Brief descriptive captions
*** Block opens ***
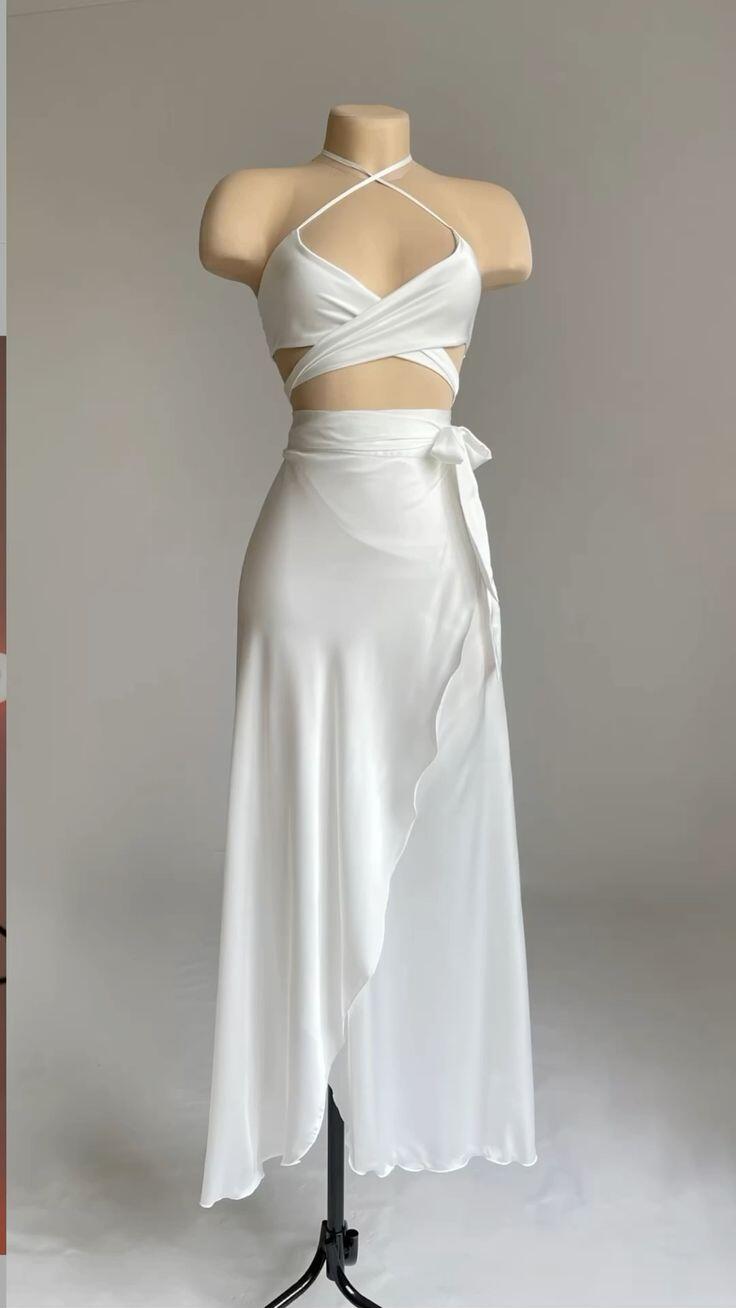 White Cross Neck Cut Out Sexy Summer Dress Long Evening Party Dress, DP3324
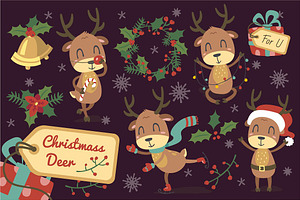 Christmas deers set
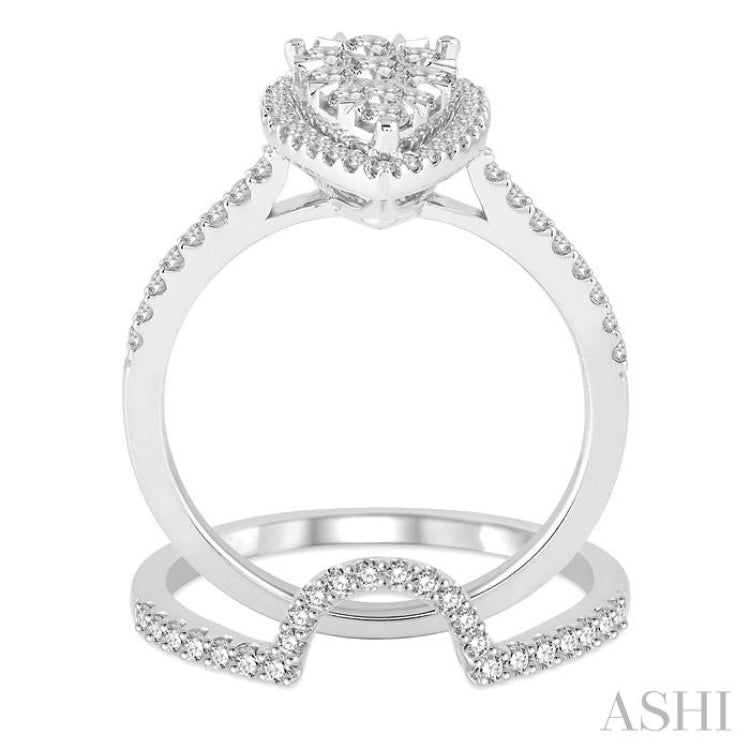 Pear Shape Halo Lovebright Diamond Wedding Set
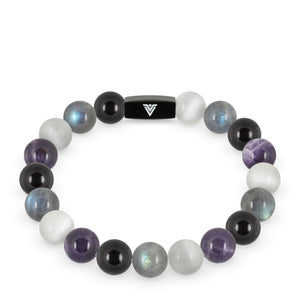 Front view of a 10mm Asexual Pride crystal beaded stretch bracelet with black stainless steel logo bead made by Voltlin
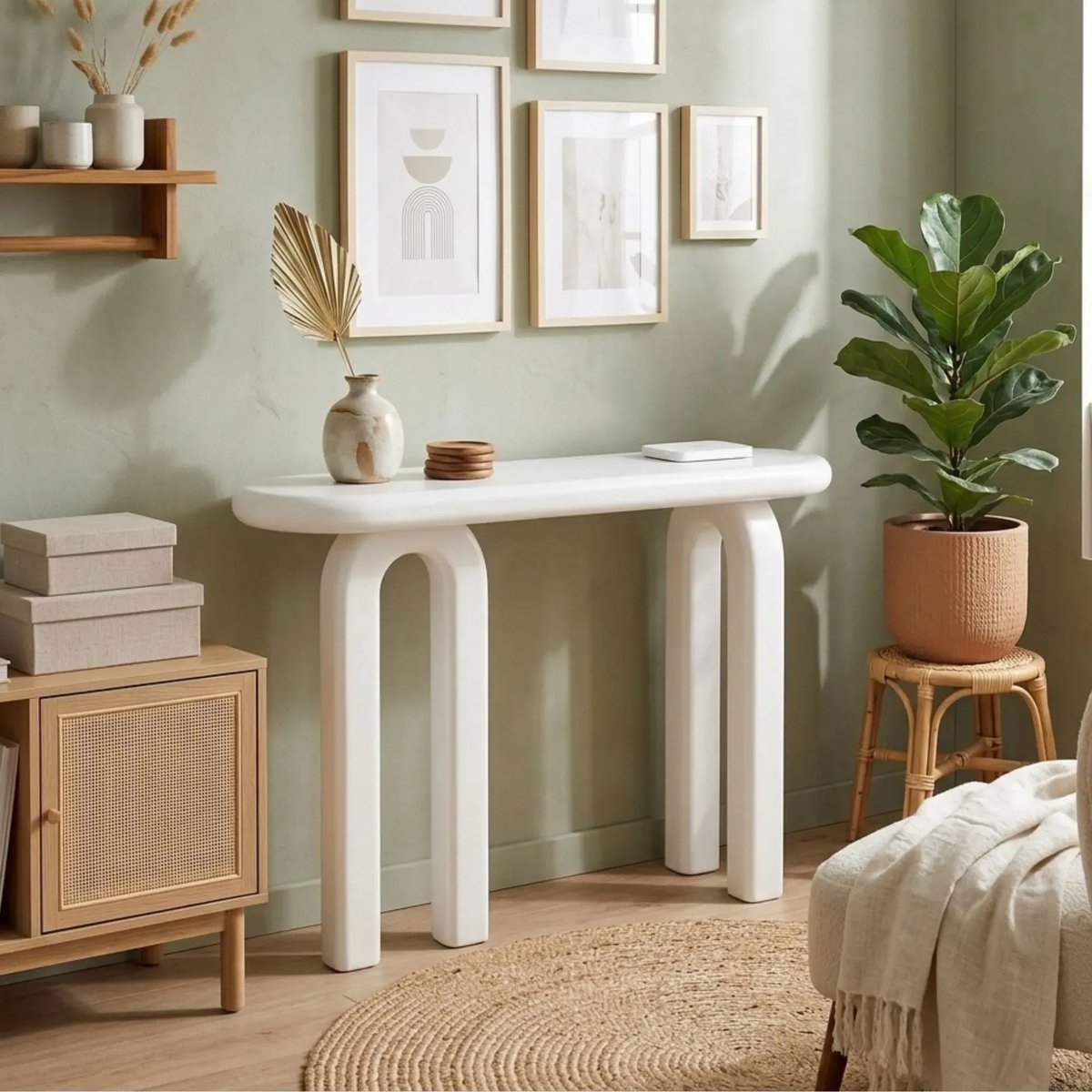 Console rétro ovale L120 - LUCIENNE blanc, HELLIN, DEPUIS 1862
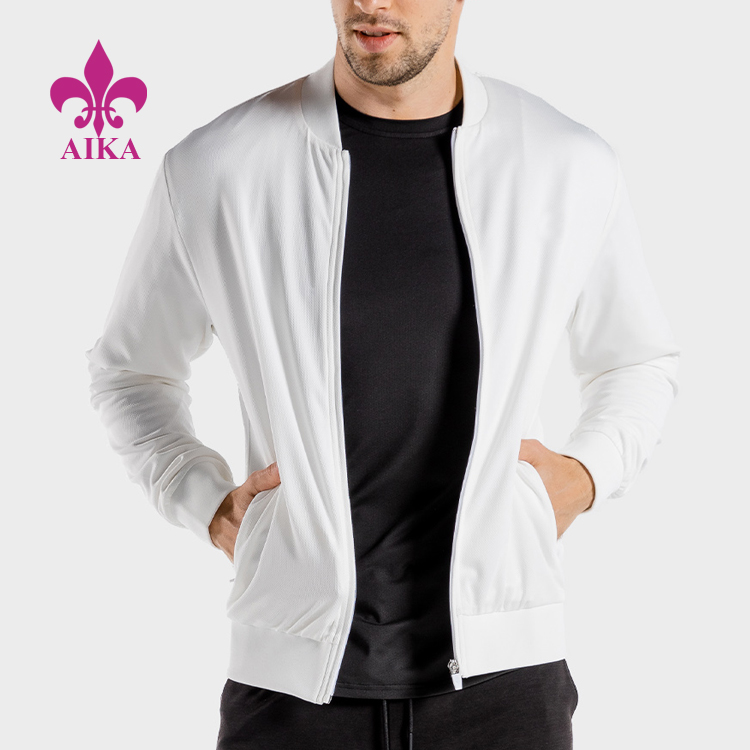 Online Exporter Gym Cotton Jogger - Front Full Zip Gym Clothing Wear Ribber Hem Line Baseball Jackets Uniform Para sa Lalaki – AIKA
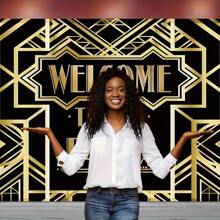 1 件迷人的 20 世纪 20 年代派对背景，充满活力的复古摄影背景，适合婚礼、生日、淋浴、涤纶面料、防褪色、可重复使用 - 1PCS - 查看 2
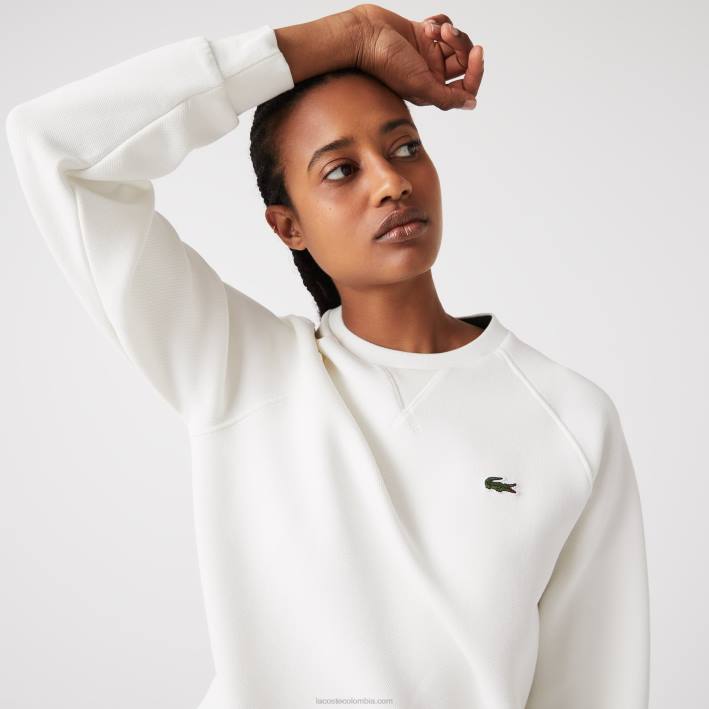 mujer Lacoste 6F242393 blanco 70v sudadera de mezcla de algodón con cuello redondo mujer Lacoste 6F242393 blanco 70v sudadera de mezcla de algodón con cuello redondo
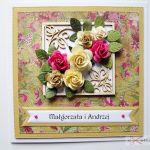 Kartka ROCZNICA ŚLUBU beżowo-różowa - Kartka na rocznicę ślubu z różami
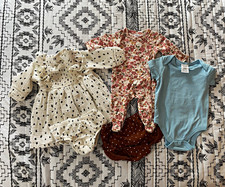 Baby Girl Clothing Lot 100 Cotton Polka Dot/Floral Newborn-12M
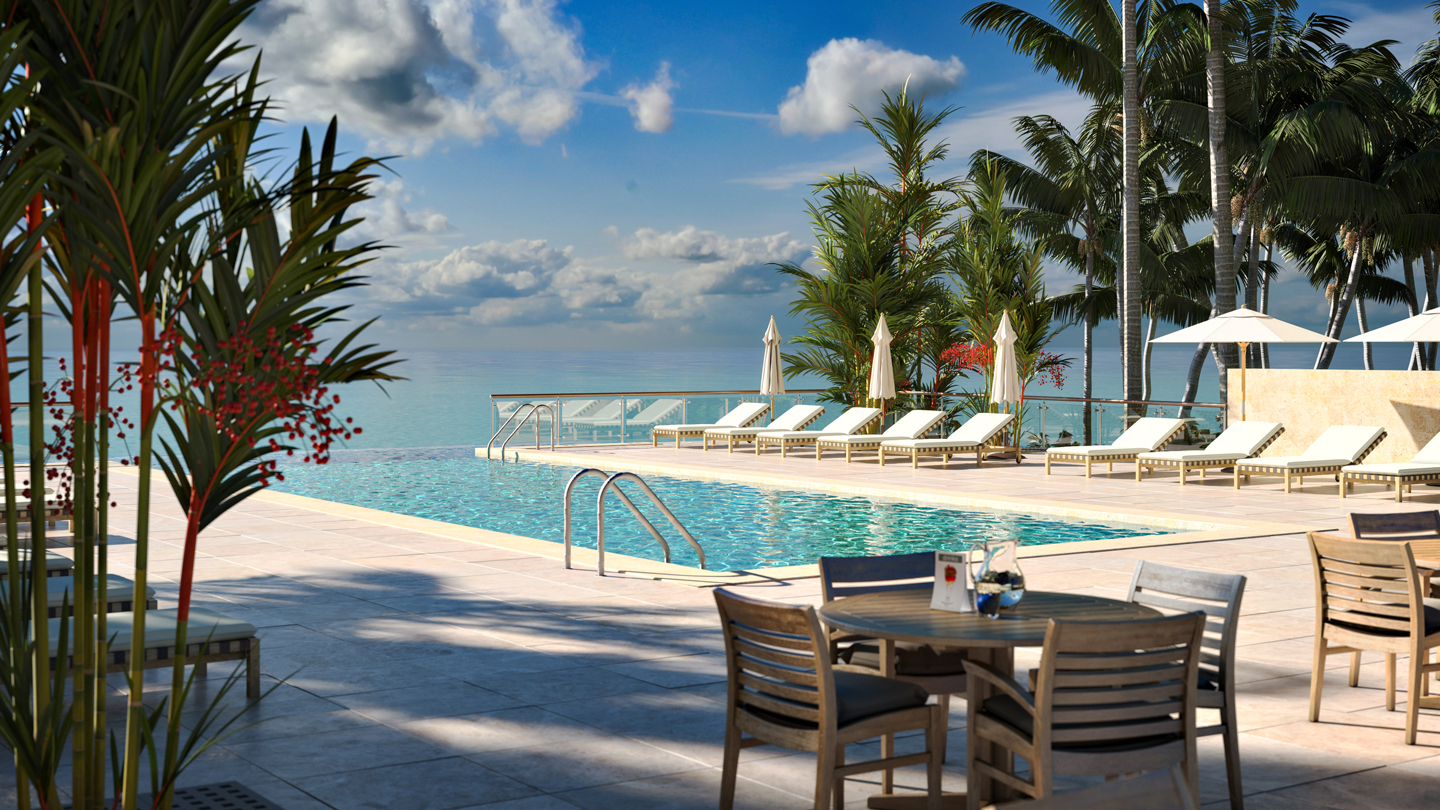 Luxury hotel pool deck with tropical sea views. Photoreal Architectural Visualisation 3D Render Luxury hotel pool deck with tropical sea views. Photoreal Architectural Visualisation 3D Render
*** Block closes ***
Task item -
Only exact duplicates of the lines from the one containing "Baby Girl Clothing" through the final line of the entries, both included, are needed, with pictures left out.

Solution to this problem -
 Baby Girl Clothing Lot 100 Cotton Polka Dot/Floral Newborn-12M
 Luxury hotel pool deck with tropical sea views. Photoreal Architectural Visualisation 3D Render Luxury hotel pool deck with tropical sea views. Photoreal Architectural Visualisation 3D Render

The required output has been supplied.